Travelling everywhere without Visa: the set cover problem with Google OR-Tools and Microsoft Z3

The Set Cover problem

I’m lucky enough to work in a company that employs people from many different countries. We were comparing the ease of travel given by different passport using passportindex.org. So we wondered: what’s the minimum set of passports necessary to travel in any country visa-free?

A passport A passport. Photo by Nicole Geri on Unsplash

Turns out that it’s impossible. Some countries, like Saudi Arabia and North Korea, are only accessible using passports of countries that don’t allow dual citizenship.

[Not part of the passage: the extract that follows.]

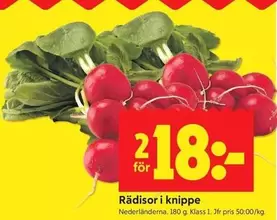 Rädisor i knippe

But if we pretend that all countries allow multiple citizenship without restriction, what would be the minimum set of passports that would cover the whole world?

This is an example of set cover problem, which is one of Karp’s 21 NP-complete problems1. The definition of the problem goes like this:

Given a collection of elements \(U = \lbrace 1, 2, \ldots, n\rbrace\) called universe, and a collection \(S\) of \(m\) subsets of \(U\) whose union is equal to \(U\) (formally: \(\bigcup_{i=1}^m m_i = U\)), what is the smallest sub-collection of \(S\) such that the union of its members still equals \(U\)?

An example of set cover

The image above shows an example of set cover problem. The most obvious greedy algorithm to solve the problem is: until there are uncovered elements, select the set that covers the maximum amount of elements. In the example above at the first iteration we would select \(S_1\) because it covers 6 elements, then \(S_4\) because adds 3 more elements, then \(S_3\), and finally one between \(S_5\) or \(S_6\). However there’s a smaller solution: \(\lbrace S_3, S_4, S_6\rbrace\). Imagine now how hard it’d be to find the optimal solution if there were hundreds or more elements and sets.

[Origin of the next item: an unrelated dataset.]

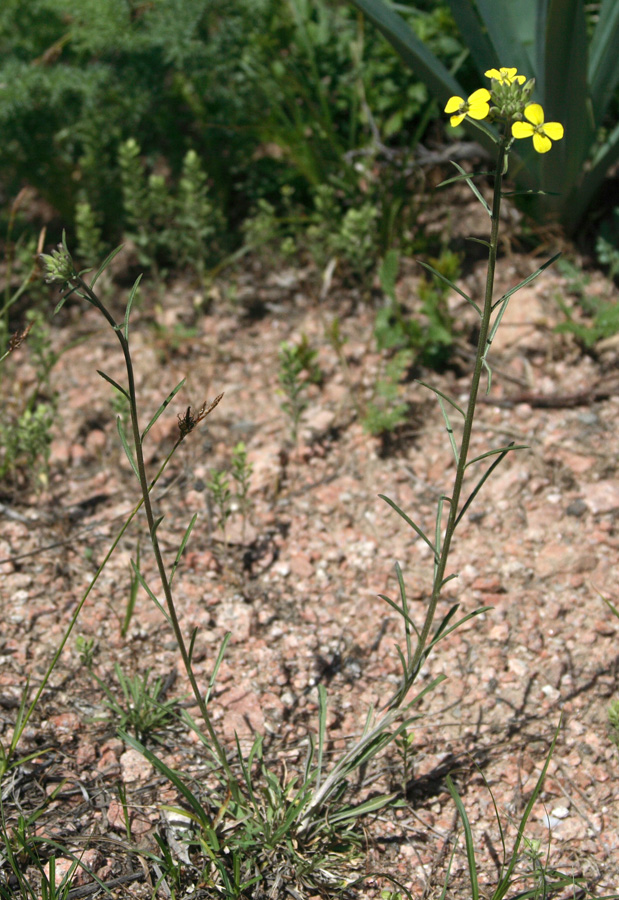 Изображение особи Erysimum canescens.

Set cover problem is definitely not just an interesting theoretical problem, it also has very real world applications. One that is known to everyone is Sudoku, which can be re-stated in the form of set cover. Another one which is not universally known but has a very high monetary impact is shift scheduling: for example airline companies must find a number with different specializations for each shift, often with additional constraints (e.g.: due to labor laws, holidays, and so on). Sometimes set cover problems are hidden in plain sight: imagine to have a database of tagged items, and you want to find the smallest set of tags such that all items are represented at least once. This is another version of the minimal set cover problem.

Travelling everywhere as minimum set cover problem

Seeing how the visa-free travel problem maps to the minimal set problem is straightforward: the universe \(U\) is the set of countries, and each passport selects a subset of countries where it allows visa-free travel. We want to select the minimum number of passports that covers all the countries. Easy! But finding the optional solution is way less simple.

Getting the data

I used https://github.com/ilyankou/passport-index-dataset/, which provides a useful CSV file (passport-index-tidy.csv). Each row of the CSV file contains the country that issued a passport, a destination country, and “3” if the passport allows visa-free travel, and “-1” if the country that issued the passport and the destination country are the same. Now that we have the data, we can find an answer to our question.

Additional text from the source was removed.